Kinshasa, en saluant cette étape décisive, réaffirme son engagement à bâtir une paix juste, inclusive et durable dans l'Est du pays, il affirme également que la paix, la sécurité et la prospérité des Congolais constituent la priorité absolue du gouvernement. Celui-ci s'engage à agir dans un esprit de dialogue, de responsabilité et de réconciliation nationale pour préserver l’unité, la souveraineté et l’intégrité territoriale de la RDC, rapporte un communiqué du ministère de la communication et médias congolais.
Face à cette réussite diplomatique, le gouvernement appelle les Congolais à rester sereins, vigilants et mobilisés autour des efforts initiés par le Président Félix Tshisekedi, tout en exprimant aussi sa reconnaissance envers l'État du Qatar pour son rôle dans ce processus, ainsi qu’envers les États-Unis, l’Union africaine et le Médiateur désigné, Faure Gnassingbé, pour leur soutien dans la facilitation des négociations.

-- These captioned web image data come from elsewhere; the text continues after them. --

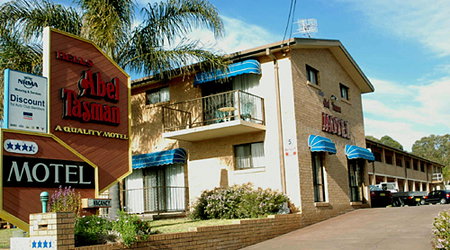 Batehaven NSW Accommodation Southport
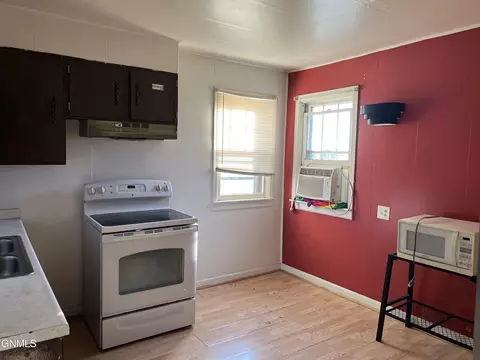 914 6th Ave E, Williston, ND 58801 photo 21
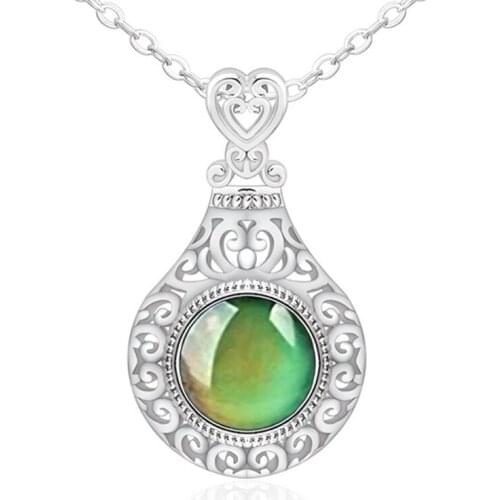 Luxury Fashion Hollow Out Oval Openable Pendant Necklace Jewelry Temperature Change Color Mood Necklace Women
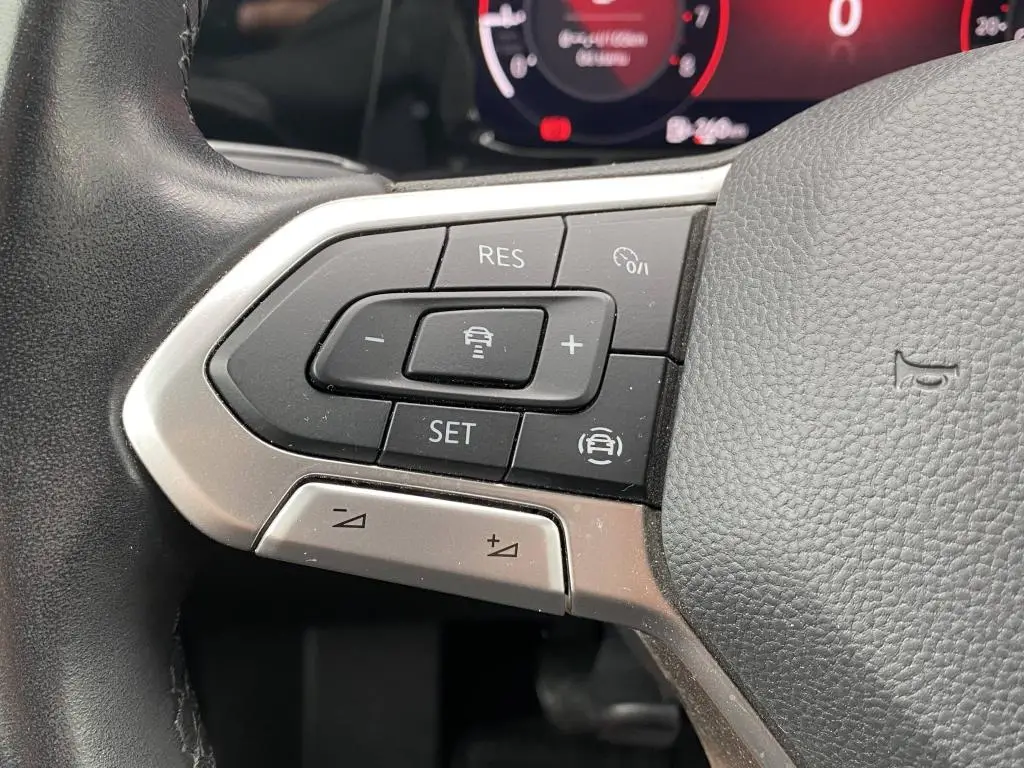 Volkswagen Golf Life 1,0TSi / 81kW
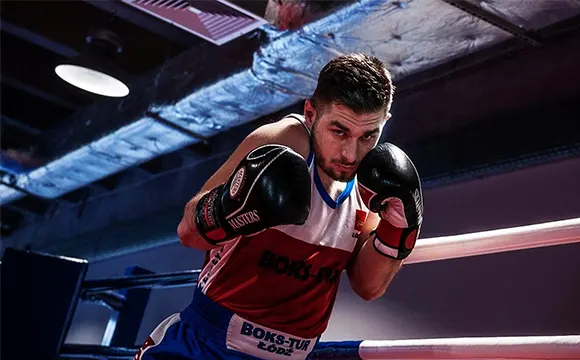 Aleksander Berezewski podczas treningu boksu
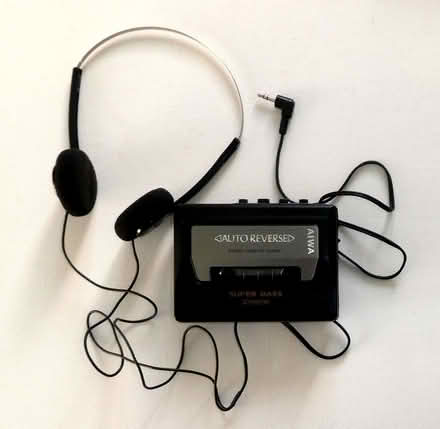 Photo of free Walkman cassette player (Bedwell SG1) #2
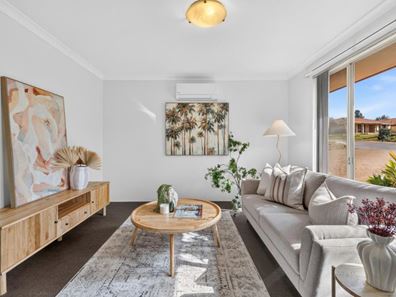 10 Floribunda Avenue, Halls Head WA 6210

Le même document unique que, l'Accord-Cadre de Doha posera les fondations d'un processus destiné à mettre fin aux hostilités, rétablir l’autorité de l’État et consolider la stabilité nationale. Il réaffirme la détermination du gouvernement à placer la paix, la sécurité et la dignité du peuple congolais au cœur de ses actions. La protection des populations civiles, notamment des femmes, des enfants et des personnes déplacées internes, reste une priorité.

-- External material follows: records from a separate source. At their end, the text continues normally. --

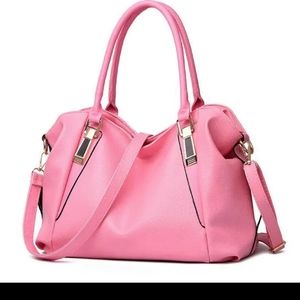 Last 1❗️Beautiful Pink Faux Leather Handbag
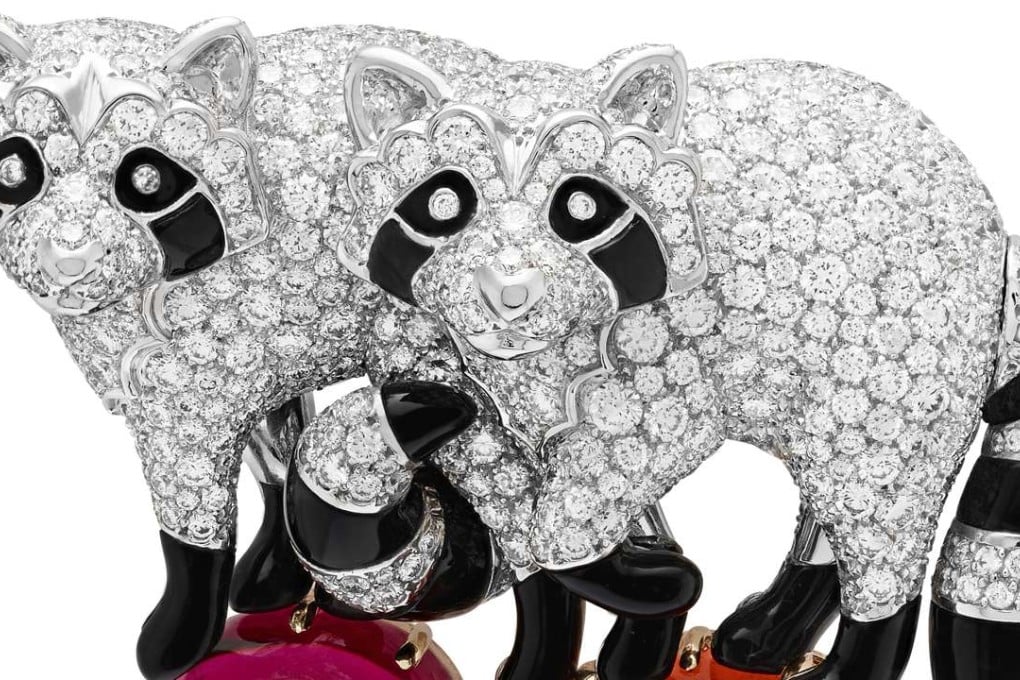 Jewel-encrusted animal-theme pins by Van Cleef & Arpels go on show in ...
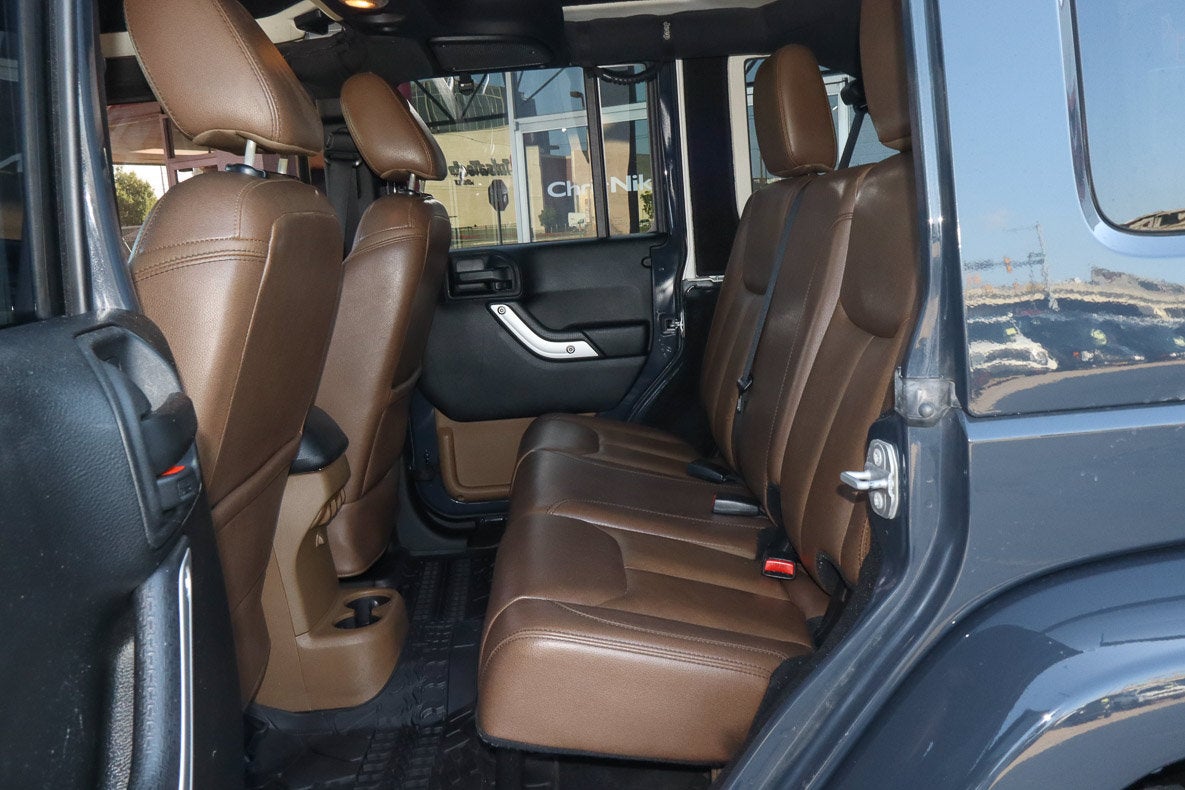 2016 Jeep Wrangler Unlimited 4WD 4dr Sahara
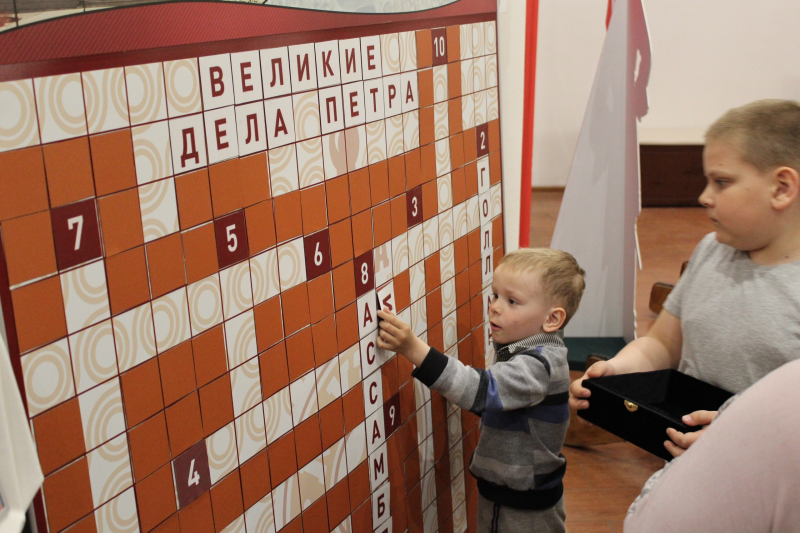 «Россия молодая мужала с гением Петра»: историческое путешествие в «Ночь музеев» в Тульском музее оружия»! Тульский Государственный Музей Оружия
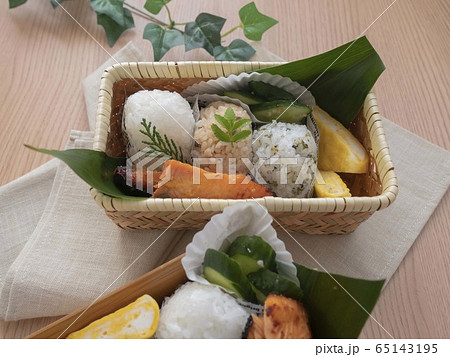 おにぎり　お弁当のタグ 65143195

Les protocoles issus de cet Accord-Cadre viseront à sécuriser les corridors humanitaires, à faciliter l’accès des organisations humanitaires et à mettre en œuvre des actions urgentes pour répondre aux besoins essentiels des communautés touchées.
Cet Accord se structure autour de huit protocoles qui abordent les problématiques clés de la crise, comprenant :le Mécanisme de libération des prisonniers, signé le 14 septembre 2025, le Mécanisme de surveillance et de vérification du cessez-le-feu, signé le 14 octobre 2025 et des mesures relatives à l'accès humanitaire et à la protection judiciaire.

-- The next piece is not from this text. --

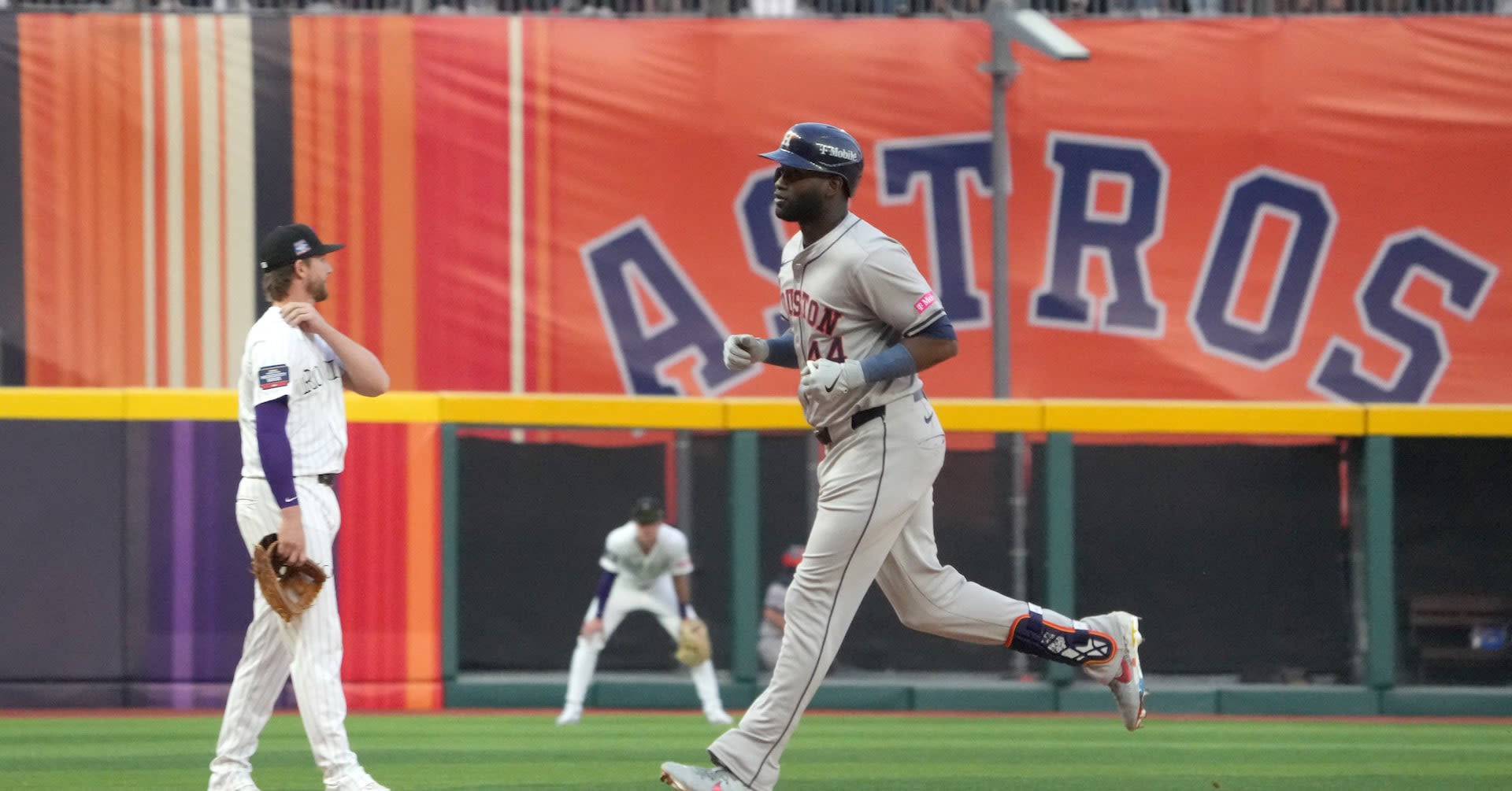 Astros beat Rockies to complete Mexico City Series sweep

D'autres points notables incluent la restauration de l’autorité de l’État, les réformes et la gouvernance participative, les arrangements sécuritaires intérimaires, ainsi que le processus de désarmement, démobilisation et réintégration (DDR). Des initiatives seront également mises en place pour relancer l’économie, renforcer les services sociaux, et promouvoir la justice, la vérité et la réconciliation.
Enfin, le gouvernement précise que les six protocoles, à l'exception de ceux relatifs au Mécanisme de libération des prisonniers et au Mécanisme de surveillance et de vérification du cessez-le-feu, seront discutés deux semaines après la signature de l'Accord-Cadre. Cette étape visera à préciser les modalités techniques, les calendriers d'exécution, ainsi que les engagements respectifs des parties.